October, THURSDAY 6, 1864.

Saturday if noth happins home all the morning in the afternoon i went up to Mrs sanders i spent quite a Plesent time i had tom gentelmen to

FRIDAY, 7.

gallant me home little Alex was my main gallant clear the first morning we have since i have bin here had Chester and i were out  walking after i

SATURDAY, 8.

went to spencers spent quite a Plesent time lovely day i stoped at Mrs burkes and Chesters i started for home about 2 […]  at 6 in the evening we all went to see the torch light Procesion

Annotation 1

On October 7, 1864 the North American and United States Gazette announced a torchlit procession to be held the following day.
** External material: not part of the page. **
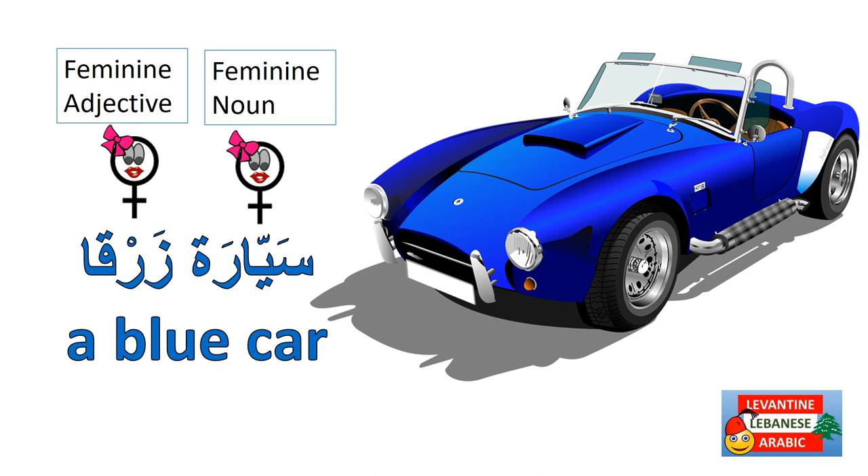Also notice that in Arabic the noun comes before the color adjective. For example, سيارة زرقاء means 'a blue car' — سيارة comes before زرقاء. Also notice that a feminine noun requires a feminine adjective: سيارة is feminine, that's why we use the feminine color adjective زرقاء instead of أزرق.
The National Union Party, the party of Abraham Lincoln and Andrew Johnson in the presidential election of 1864, held a large torchlight rally in Independence Square on Saturday night, October 8, 1864.  The in an October 10, 1864 article titled “Union Meeting and Torchlight Procession,” the Public Ledger noted that in addition to former Pennsylvania Governor Johnson and Philadelphia Mayor Henry the rally was attended by “ladies in large numbers.”  The torchlight procession through Philadelphia must have been reminiscent of the marches led and organized by the political clubs such as the Wide Awake prior to the election of 1860.  In his remarks, Mayor Henry stated that the issue before the nation was “between manhood and dishonor,” and went on to call to mind the recently destroyed Pennsylvania city of Chambersburg at the hands of Confederate General Jubal Early in late July of that year.  Henry’s parting words purportedly elicited great cheers from the Philadelphia crowd: “Pennsylvania, if needs be, will cast every ton of her iron hills into the thunderbolts of a just war, but from this time henceforth, not one ounce of her rich ore shall be forged into the brands for manacles for enslaved humanity.”